Trois scénarios se dessinent : une prolongation sans changement, une réforme profonde incluant de nouveaux secteurs et une dimension climatique, ou bien un remplacement pur et simple par un cadre commercial multilatéral.


Dans tous les cas, l’Afrique du Sud, en tant que principal exportateur du continent vers les États-Unis, sera au cœur des discussions.


Le choix que fera Pretoria sera déterminant, non seulement pour son économie nationale, mais aussi pour la position future de l’Afrique dans le système commercial mondial.


Une opportunité pour repenser la souveraineté africaine


Au-delà de la diplomatie et des intérêts économiques, l’AGOA pose une question essentielle : celle de la place de l’Afrique dans la gouvernance mondiale. Faut-il continuer à dépendre d’accords bilatéraux asymétriques ou renforcer les mécanismes continentaux comme la Zone de libre-échange africaine (ZLECAf) ?


De nombreux économistes africains estiment que le continent doit désormais parler d’une seule voix. En misant sur l’intégration régionale, la transformation industrielle et la valorisation locale des ressources, l’Afrique pourrait négocier d’égal à égal avec ses partenaires extérieurs.

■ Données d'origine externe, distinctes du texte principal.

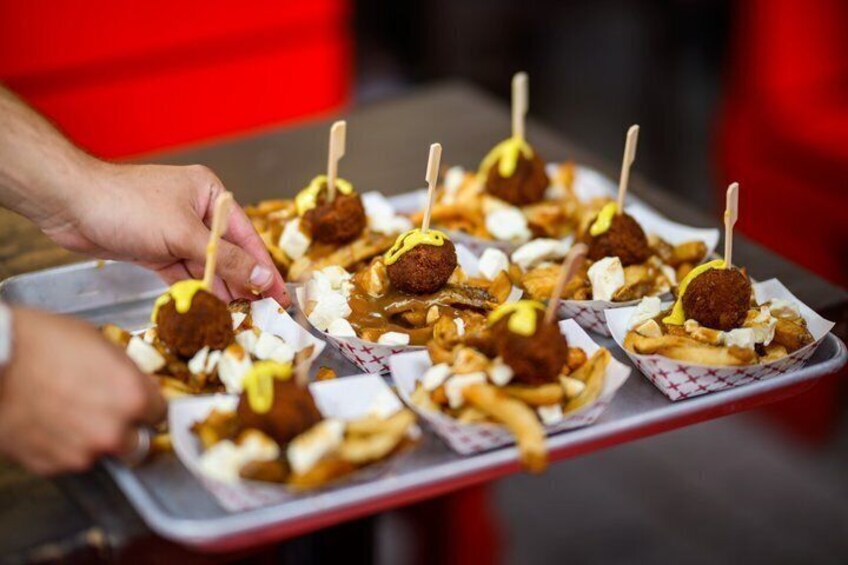 Un plateau de nourriture avec des boulettes de viande et des frites. 5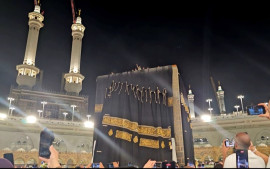 proses-penggantian-kiswah-ka-bah-1-muharram-1446-h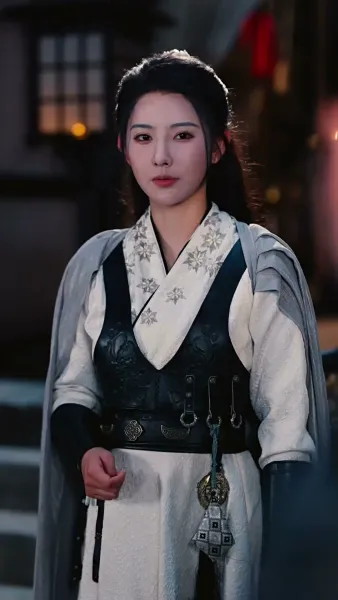 เปลวเทียนสาดส่องอาภรณ์แดง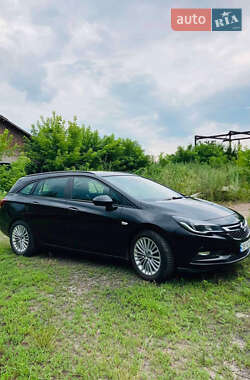Универсал Opel Astra 2016 в 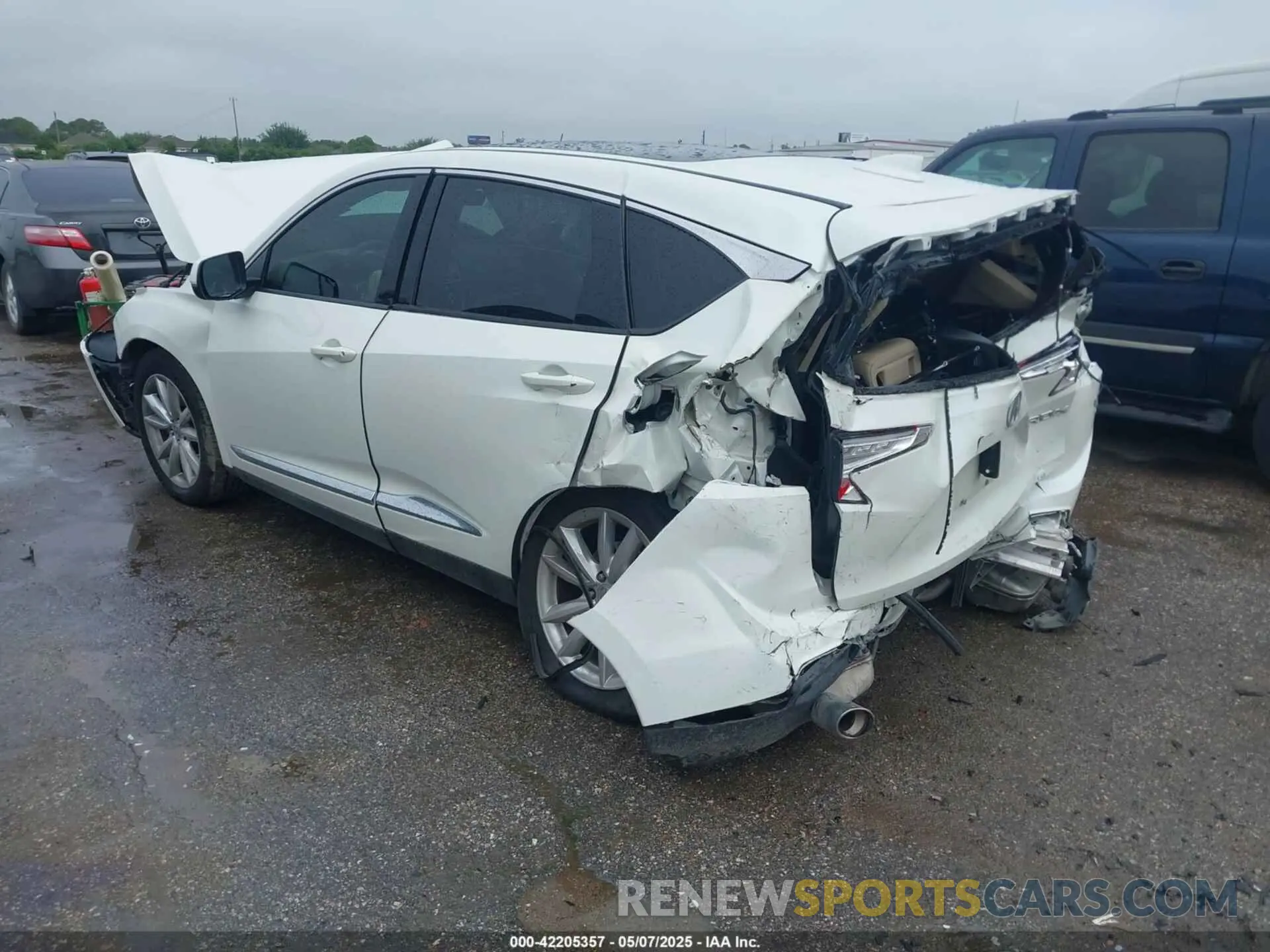 3 Photograph of a damaged car 5J8TC1H33KL025292 ACURA RDX 2019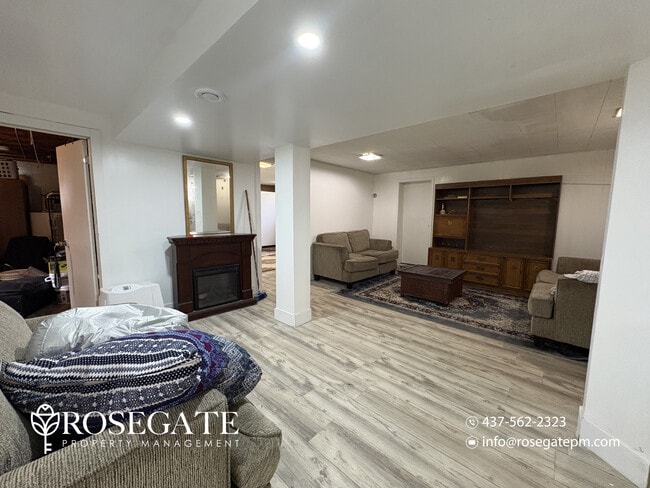 Building Photo - All-Inclusive 2-Bedroom Basement Apartment with 2 Parking Spaces – Niagara Falls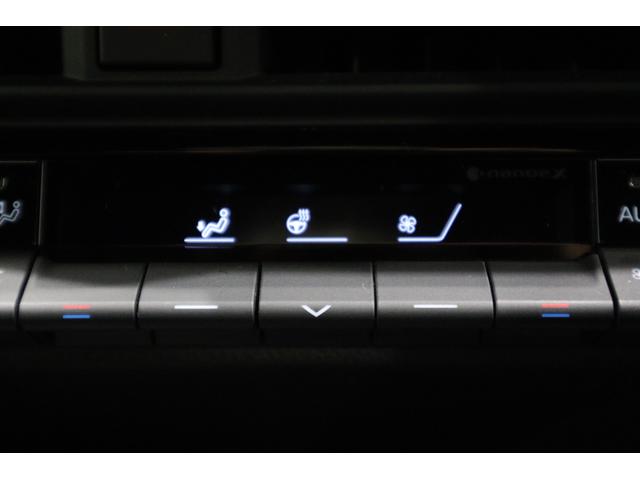 クラウンクロスオーバー Ｇアドバンスド・レザーパッケージ　純正ディスプレイオーディオ　フルセグＴＶ　ＵＳＢ・Ｂｌｕｅｔｏｏｔｈ接続　衝突被害軽減ブレーキ　ＬＥＤヘッドランプ　ＥＴＣ　全周囲カメラ　スマートキー　クルーズコントロール　ＡＣ１００Ｖ給電機能（35枚目）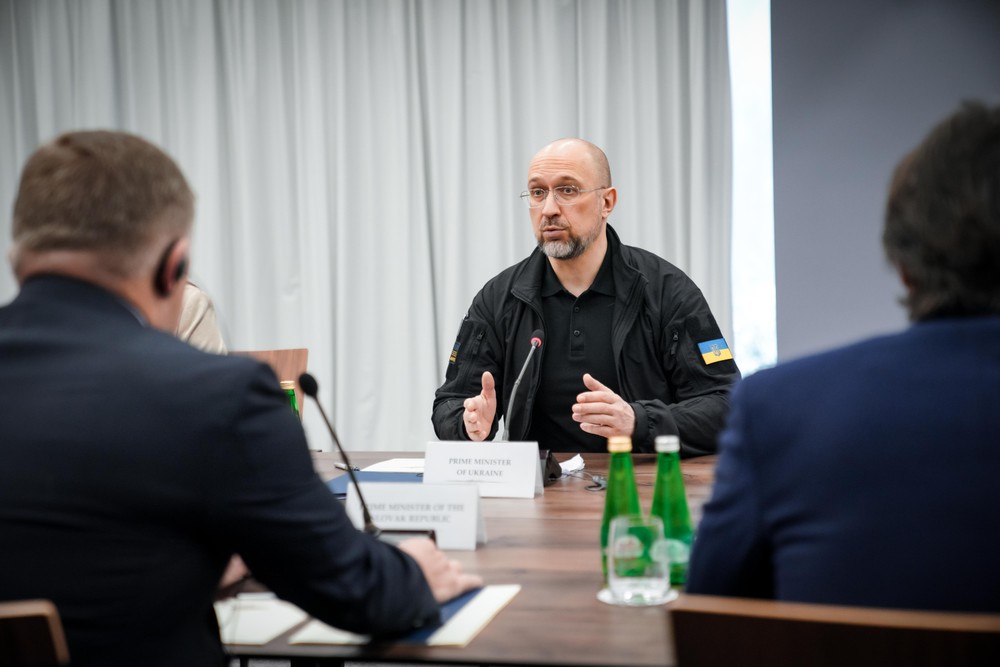 Robert Fico Denys Šmyhal stretnutie Užhorod (8)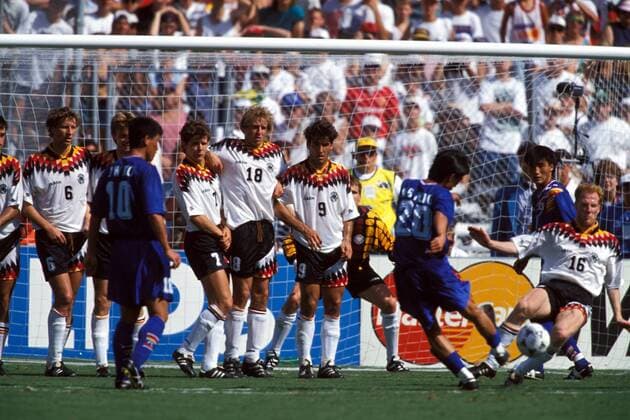 Die deutsche Abwehrmauer erwartet den Freistoß von Myung Bo Hong (Südkorea) Fußball WM Herren Weltmeisterschaft 1994, Länderspiel, Nationalmannschaft, Nationalteam, Nationaltrikot, Vdia Totale Dallas Dynamik,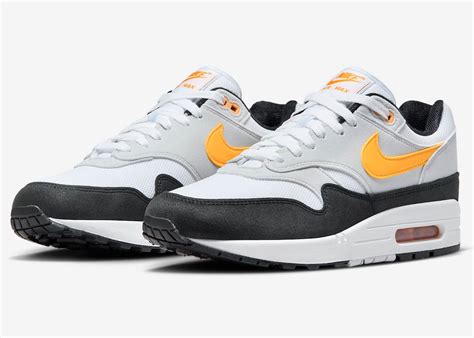 nike air max wit goud|nike air max 1 white university.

Ainsi, l’avenir de l’AGOA dépasse largement le cadre d’un simple traité commercial. Il s’agit d’un test pour l’autonomie stratégique africaine, un moment où le continent peut redéfinir ses relations avec les grandes puissances et affirmer sa capacité à tracer sa propre voie dans un monde en mutation.


En fin, le débat autour de l’AGOA révèle l’évolution des rapports de force mondiaux. Entre Washington, Pékin et Pretoria, l’Afrique devient un champ d’influence stratégique, mais aussi un espace d’opportunités pour qui saura en maîtriser les règles.


Dans un monde où la puissance ne se mesure plus seulement par l’économie mais aussi par la capacité à fixer les normes, l’Afrique du Sud et ses partenaires africains doivent choisir entre la dépendance et la souveraineté, entre la continuité et la refondation.